One prominent example of change is the urban gardening movement. The movement started in Germany in 1996 with Intercultural Gardens, which enabled people from different cultural backgrounds to grow food together, exchange knowledge and experiences, and empower themselves. Between 2005 and 2009 new forms of mobile urban community gardens started to change our conception of urbanism, especially in major Western cities. These activities are fuelled by growing dissatisfaction with the paradigm of everlasting economic growth and progress. The urban gardening movement develops a new vision of prosperity that sees more sustainable lifestyles as an alternative to consumerism. It does so in a pragmatic, down-to-earth fashion. In urban gardening, the focus is on sharing and exchanging, do-it-yourself, re-appropriating and re-interpreting manual skills and crafts, opening up designs, breaking up objects and spaces, creating and rediscovering common space. Gardening and subsistence, topics for decades closely associated with scarcity, backwardness and poverty are being rediscovered and integrated into a new image of sufficiency.

It is important to note that these ideas have not come from rural areas but the heart of major western European cities. The urban gardening movement rejects the vision of the city as a mere place of consumption and creates highly visible parallel structures of subsistence. In order to reduce meat consumption, activists cultivate local vegetable varieties or turn to a vegan diet. Repair workshops are integrated into the gardens to undermine throwaway patterns of consumption. Open spaces counter the exclusionary economism of the “city of investors”.

This movement has also given new impetus to the debate about public space in many major Western cities. The citizens active in the urban gardening movement shape their city and take responsibility for community spaces and their neighbourhood. These people do not just want to garden, they want to contribute to sustainable urban development. The movement is highly performative and media-savvy. New types of community space and architecture allow local actors to use urban public space as a stage. Tinkering, building and gardening is not just doing, but also brings forth new structures and images. Beds, repurposed containers and cabins become sites for performances or concerts. They beautify and reinvent the space.
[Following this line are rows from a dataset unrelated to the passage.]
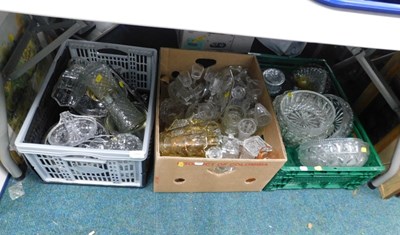 Lot 2065 - Glassware, to include fruit bowls, jugs,...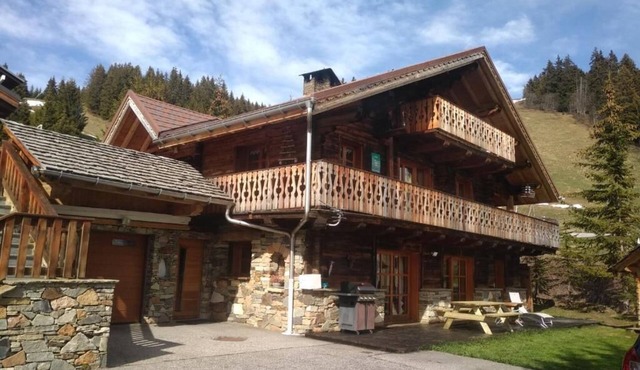 Apartment in chalet at les saisies center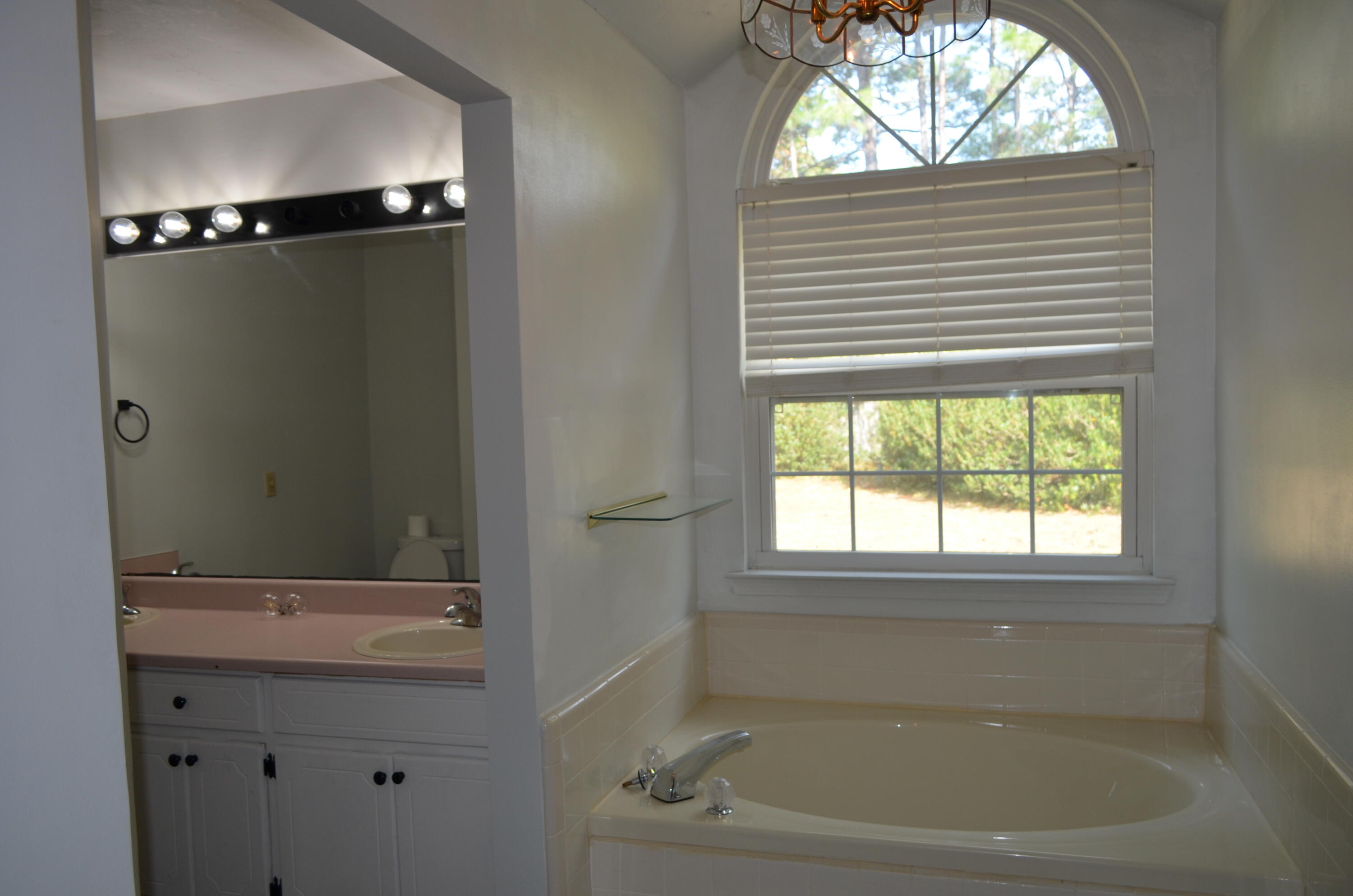 MEADOW WOODS - Residential Lease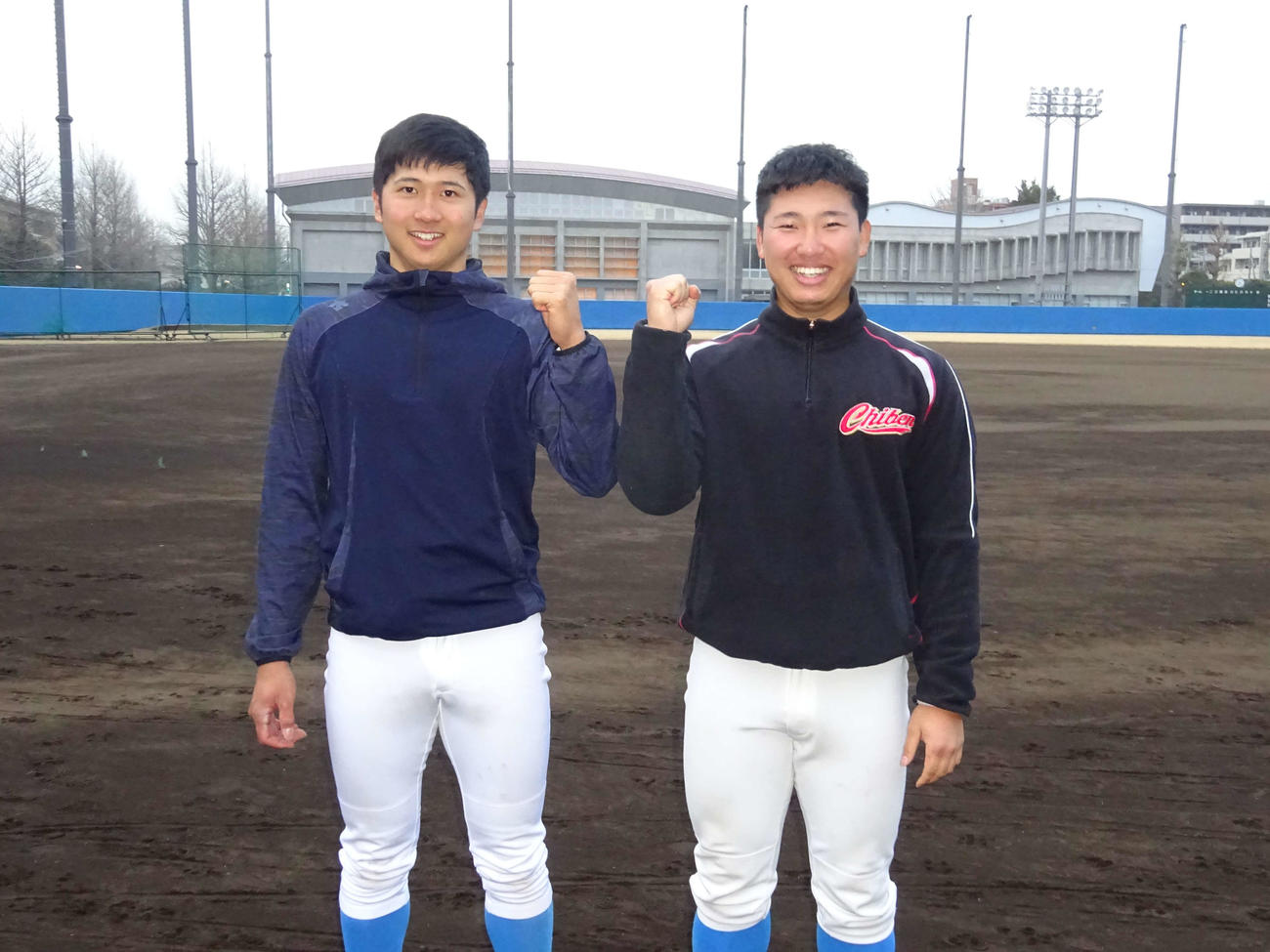 練習始めで日本一を誓う（写真左から）主将の泉口とエース候補の森（撮影・保坂淑子）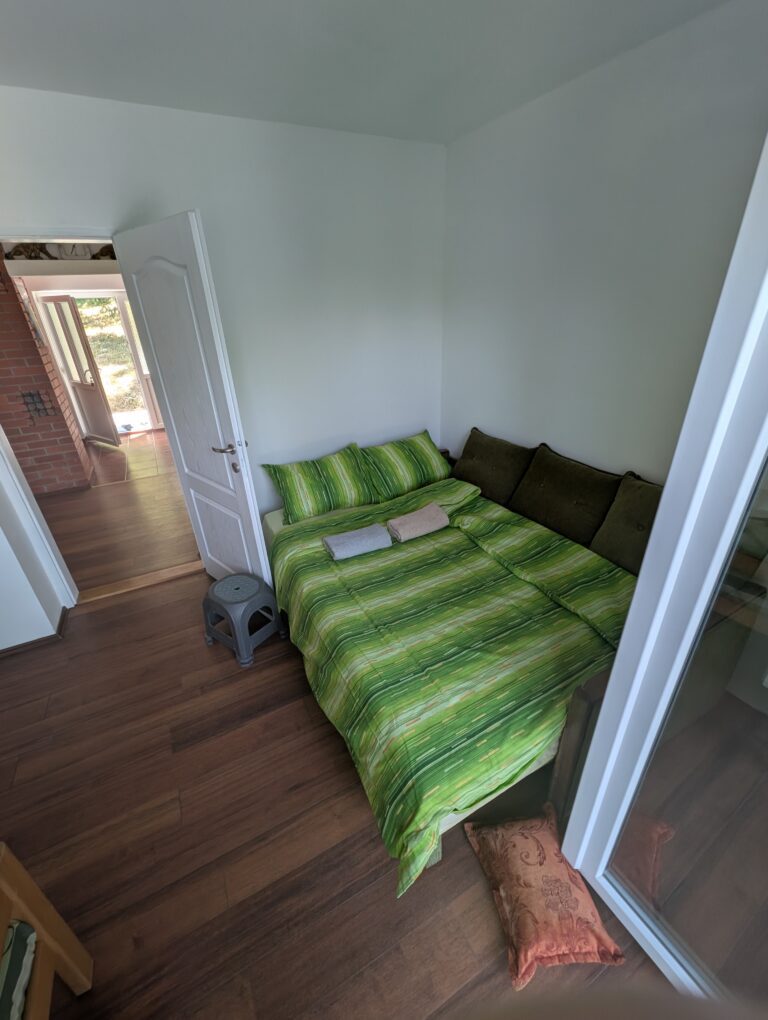 Krevet queen size za dvoje (150cmx200cm)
The movement has brought new life to the debate about what the “good life” in our cities looks like and has included many different groups and communities.

Our work

To support development of this new vision of “prosperity”, anstiftung & ertomis is engaged in a wide variety of civil society-based innovative activities in urban and rural areas. We also carry out research into commons, the new do-it-yourself movement and sustainable regionalisation. We strongly believe that quality of life is not just about material possessions. Therefore anstiftung & ertomis networks and promotes subsistence practices in everyday life and draws attention to their importance for a sustainable society in a sustainable global context. We support activities such as open spaces, community gardens and open workshops on crafting, as well as initiatives aimed at reviving neighbourhoods and artistic interventions in public space. We also coordinate a research network, document current research activities in our field of interest, organise conferences and research workshops and, jointly with other foundations, award a prize for research in the field of ecological economy.

With our activities we hope to promote and accelerate the shift from consumerism toward post-material values that is currently under way. The exclusive accumulation and display of goods is no longer the goal in this new lifestyle. Instead, people are motivated by trying to find the smartest possible collective use of things. Collaborative consumption is part of the nomadic-cosmopolitan lifestyle. New urban forms of self-sufficiency not only reduce ecological impact, they are also an important contribution to a democratic society is based on active citizenship.